The ferry flight that took us from Le Bourget to Geneva provided an ideal setting to explore the amazingly creative cabin concepts that Embraer has devised for its top of the range executive jet.
Because, were you in a position to splash over $50M in your own private jet…wouldn’t you like to get something truly unique? Something that you can impress your ultra-high-net-worth buddies with?
This is pretty much what Embraer proposes. Although the most outlandish designs have yet to materialize, the Brazilian manufacturer has figured out how to make them a reality the moment the first order comes knocking the door.
Take for example, the “Kyoto” cabin interior, a Japan-themed cabin concept complete with tatamis, a sushi table and a decor that evokes Japanese cultural traditions. This concept has also what is, perhaps, the most eye-catching feature of the Lineage cabin concept series: a large over-sized window that runs along the length of the side of the aircraft providing unique panoramic views as well as a source of natural light.
Mr.Beever explained (see the video below) how they had this idea at first, but needed to verify it was technically possible. The eureka moment was when they found out that Embraer had actually worked on a similar technical solution for Coast Guard ERJ145s, where the oversized side windows are used for search and rescue operations at sea.

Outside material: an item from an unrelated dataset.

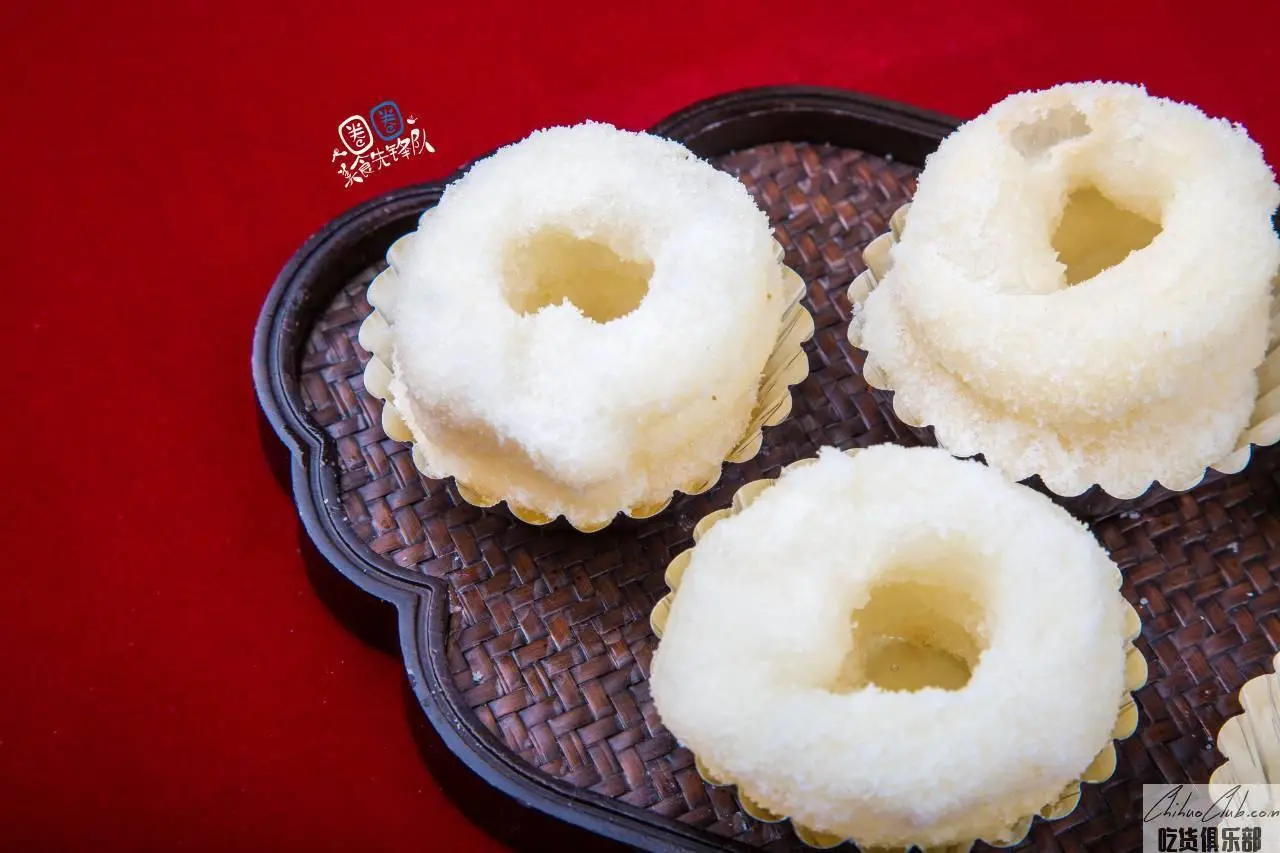 Nanchang white sugar cake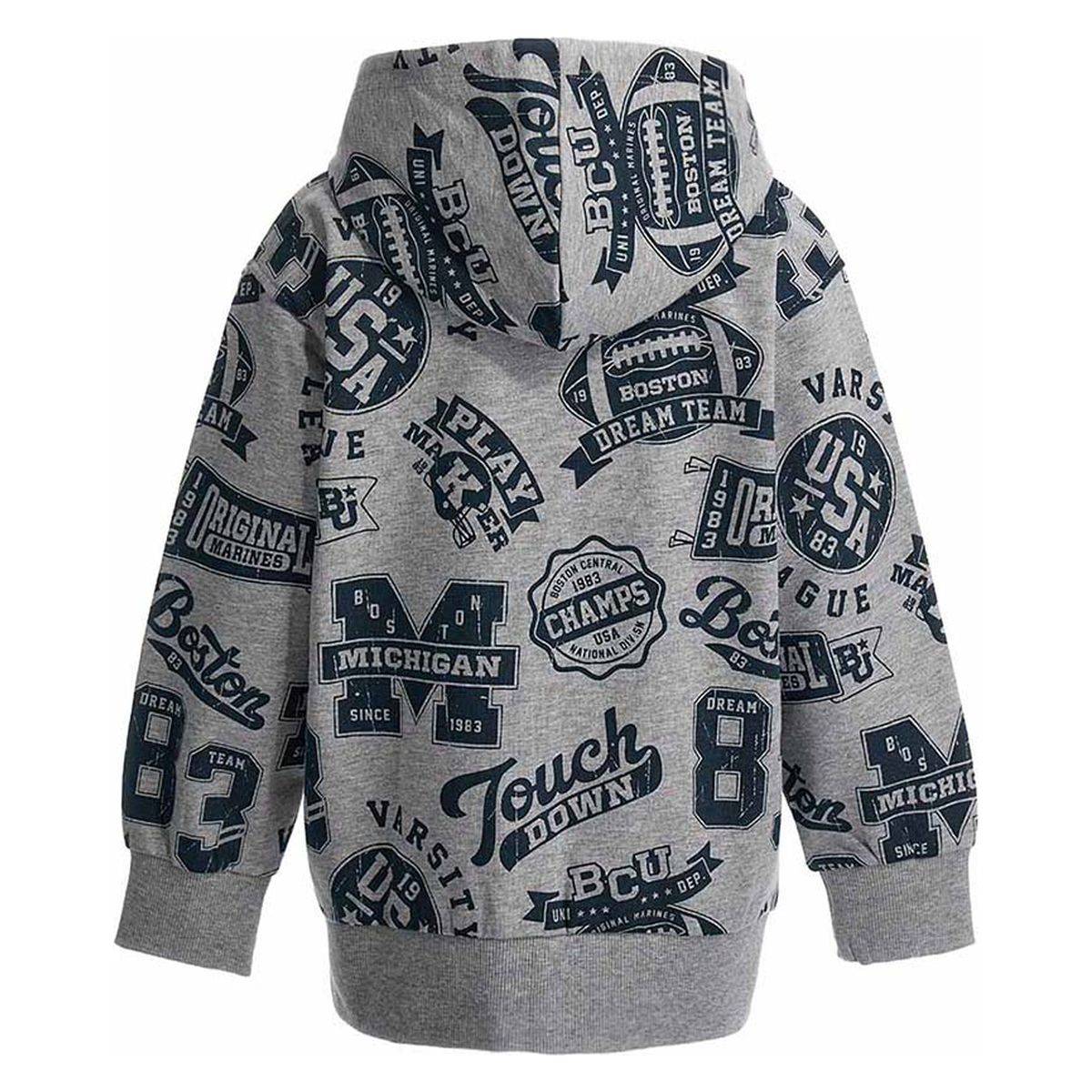 ORIGINAL MARINES vesta DR DEA2536B M Siva 104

The idea of “opening up” the cabin towards the outside aligns also with Beever’s vision of a more “natural” design that merges somehow with the environment outside.
And while the Kyoto cabin was clearly designed with Japanese customers in mind, Mr.Beever has also thought about other constituencies.
For oil tycoons from Texas, Oklahoma and the American West, the “Western” cabin concept looks like coming out of a good old Western movie, it comes with plenty of leather, cow hides and decor elements that evoke the American West, horse saddles, spurs and the like.
Celebrities and the show business crowd may feel more at ease with artsy concepts such as the “Manhattan”, “Skyatch” and “Hollywood”, all of them inspired in the belle-epoque of 1920s America and the Art Déco triangle of New York, Miami and Los Angeles.
This executive jet cabin concept series are in a category of its their own, just judge by yourselves.
Regardless of how many of these original designs are ultimately sold – some may say their value lies precisely in their uniqueness – it is exciting to see aircraft manufacturers going the extra mile to bring such degree of originality to aircraft cabin design.